| Task requirements |
Nothing but the lines below from the one containing "Hex color #a331ec - electric purple" through the one containing "Лингпан Милый Мультяшный" should appear in the answer, exact and without pictures.

| Dataset |
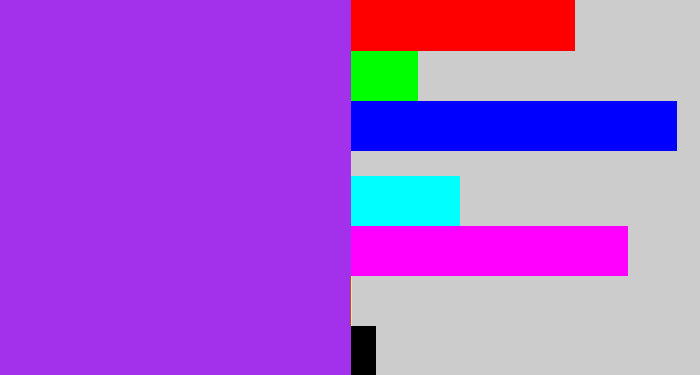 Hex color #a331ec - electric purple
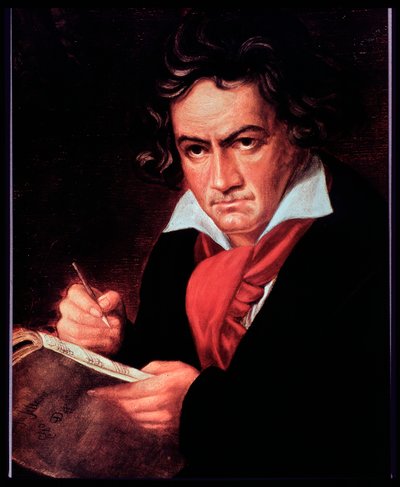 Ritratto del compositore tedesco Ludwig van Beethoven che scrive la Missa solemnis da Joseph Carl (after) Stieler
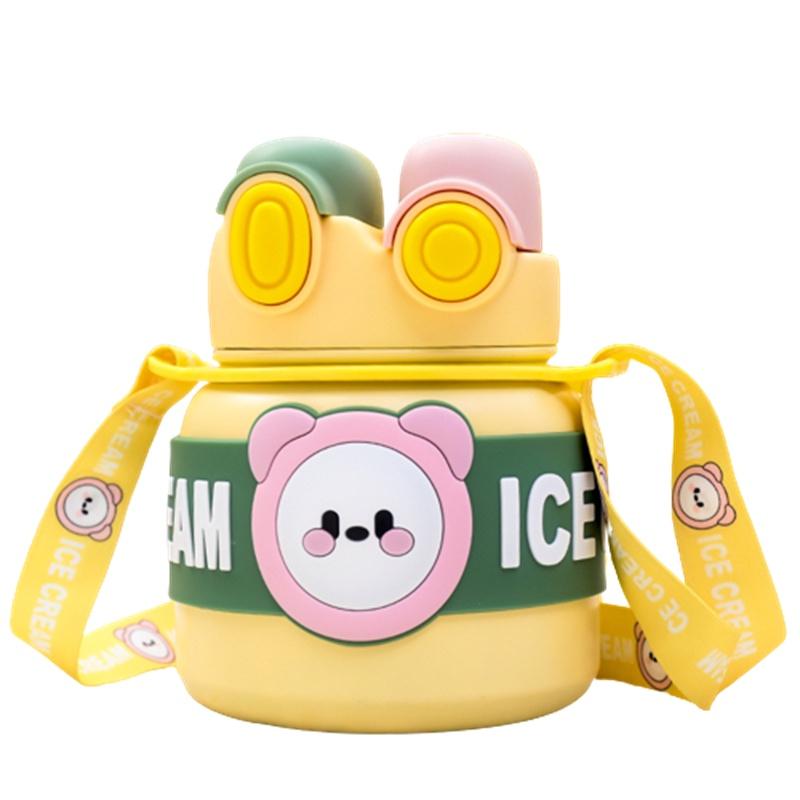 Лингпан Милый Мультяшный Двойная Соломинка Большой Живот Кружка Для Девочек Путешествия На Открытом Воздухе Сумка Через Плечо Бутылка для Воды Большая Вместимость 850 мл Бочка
---
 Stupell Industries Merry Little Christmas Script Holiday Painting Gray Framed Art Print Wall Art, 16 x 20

| Final answer |
 Hex color #a331ec - electric purple
 Ritratto del compositore tedesco Ludwig van Beethoven che scrive la Missa solemnis da Joseph Carl (after) Stieler
 Лингпан Милый Мультяшный Двойная Соломинка Большой Живот Кружка Для Девочек Путешествия На Открытом Воздухе Сумка Через Плечо Бутылка для Воды Большая Вместимость 850 мл Бочка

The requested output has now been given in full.